2016-04-08 21:04:23

by Andrew Kelley

[permalink] [raw]
Subject: alternatives to null-terminated byte arrays in syscalls in the future?

The open syscall looks like this:

SYSCALL_DEFINE3(open, const char __user *, filename, int, flags, umode_t, mode)

filename is a null terminated byte array. Null termination is one way
to handle lengths of byte arrays, but arguably a better way is to keep
track of the length in a separate field. Many programming languages
use pointer + length instead of null termination for various reasons.

When it's time to make a syscall such as open, software which does not
have a null character at the end of byte arrays are forced to allocate
memory, do a memcpy, insert a null byte, perform the open syscall,
then deallocate the memory.

What are the chances that in the future, Linux will have alternate
syscalls which accept byte array parameters where one can pass the
length of the byte array explicitly instead of using a null byte?

Regards,
Andrew Kelley


2016-04-08 21:11:14

by Denys Vlasenko

[permalink] [raw]
Subject: Re: alternatives to null-terminated byte arrays in syscalls in the future?

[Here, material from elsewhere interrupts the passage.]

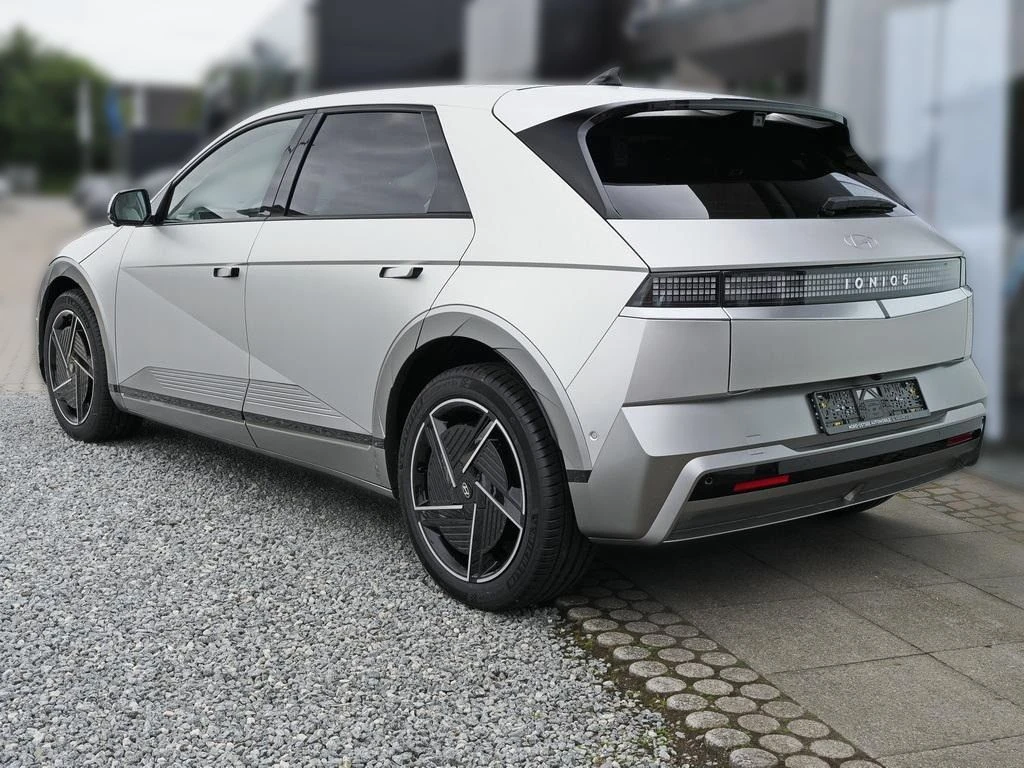 Hyundai-IONIQ 5-image-4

On Fri, Apr 8, 2016 at 11:04 PM, Andrew Kelley <[email protected]> wrote:
> The open syscall looks like this:
>
> SYSCALL_DEFINE3(open, const char __user *, filename, int, flags, umode_t, mode)
>
> filename is a null terminated byte array. Null termination is one way
> to handle lengths of byte arrays, but arguably a better way is to keep
> track of the length in a separate field. Many programming languages
> use pointer + length instead of null termination for various reasons.
>
> When it's time to make a syscall such as open, software which does not
> have a null character at the end of byte arrays are forced to allocate
> memory, do a memcpy, insert a null byte, perform the open syscall,
> then deallocate the memory.

In many cases, it's possible to just add the NUL byte instead.

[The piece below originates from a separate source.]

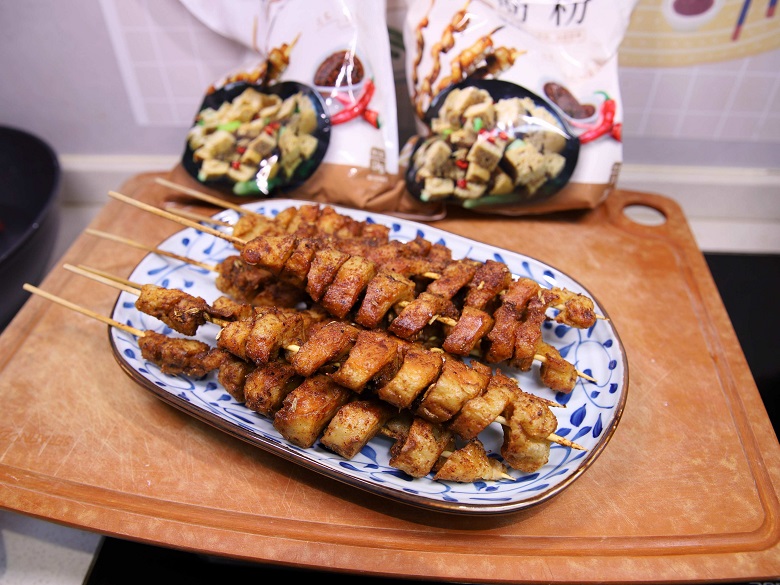 烤面筋做法獨(dú)家揭秘，輕松掌握核心技術(shù)，迅速吸引食客。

> What are the chances that in the future, Linux will have alternate
> syscalls which accept byte array parameters where one can pass the
> length of the byte array explicitly instead of using a null byte?

0% chances. Amount of PITA to make that happen far outweighs
possible benefits.

2016-04-08 21:22:10

by Andrew Kelley

[permalink] [raw]
Subject: Re: alternatives to null-terminated byte arrays in syscalls in the future?

On Fri, Apr 8, 2016 at 2:10 PM, Denys Vlasenko <[email protected]> wrote:
> On Fri, Apr 8, 2016 at 11:04 PM, Andrew Kelley <[email protected]> wrote:
>> The open syscall looks like this:
>>
>> SYSCALL_DEFINE3(open, const char __user *, filename, int, flags, umode_t, mode)
>>
>> filename is a null terminated byte array. Null termination is one way
>> to handle lengths of byte arrays, but arguably a better way is to keep
>> track of the length in a separate field. Many programming languages
>> use pointer + length instead of null termination for various reasons.
>>
>> When it's time to make a syscall such as open, software which does not
>> have a null character at the end of byte arrays are forced to allocate
>> memory, do a memcpy, insert a null byte, perform the open syscall,
>> then deallocate the memory.
>
> In many cases, it's possible to just add the NUL byte instead.

Counter example, the Rust standard library:
https://github.com/rust-lang/rust/blob/7e996943784dcbabed433b6906510298ad80903b/src/libstd/sys/unix/fs.rs#L420-L423
https://github.com/rust-lang/rust/blob/7e996943784dcbabed433b6906510298ad80903b/src/libstd/sys/unix/fs.rs#L534-L536

The problem is that the open syscall is low level in a given
application so is usually abstracted in a way where having space to
add the NUL byte is not guaranteed, so implementations have to take
the safe bet of copying memory.

>
>> What are the chances that in the future, Linux will have alternate
>> syscalls which accept byte array parameters where one can pass the
>> length of the byte array explicitly instead of using a null byte?
>
> 0% chances. Amount of PITA to make that happen far outweighs
> possible benefits.

OK, fair enough. If I proposed a patch to the mailing list, would that
change the chances at all?

2016-04-09 12:37:52

by Alan Cox

[permalink] [raw]
Subject: Re: alternatives to null-terminated byte arrays in syscalls in the future?

On Fri, 8 Apr 2016 14:04:00 -0700
Andrew Kelley <[email protected]> wrote:

> The open syscall looks like this:
>
> SYSCALL_DEFINE3(open, const char __user *, filename, int, flags, umode_t, mode)
>
> filename is a null terminated byte array. Null termination is one way
> to handle lengths of byte arrays, but arguably a better way is to keep
> track of the length in a separate field. Many programming languages
> use pointer + length instead of null termination for various reasons.
>
> When it's time to make a syscall such as open, software which does not
> have a null character at the end of byte arrays are forced to allocate
> memory, do a memcpy, insert a null byte, perform the open syscall,
> then deallocate the memory.

That should only happen if the language wasn't carefully thought out. If
your name objects include both the length and the space available so you
can do array offset validation then

- you can check if the \0 will fit
- your app or interreter can add space for \0 or even include it
specifically

I would also be very surprised if most applications doing such
conversions even showed up meaningfully in the profiling. pathname
syscalls are not the most common ones being executed.

Alan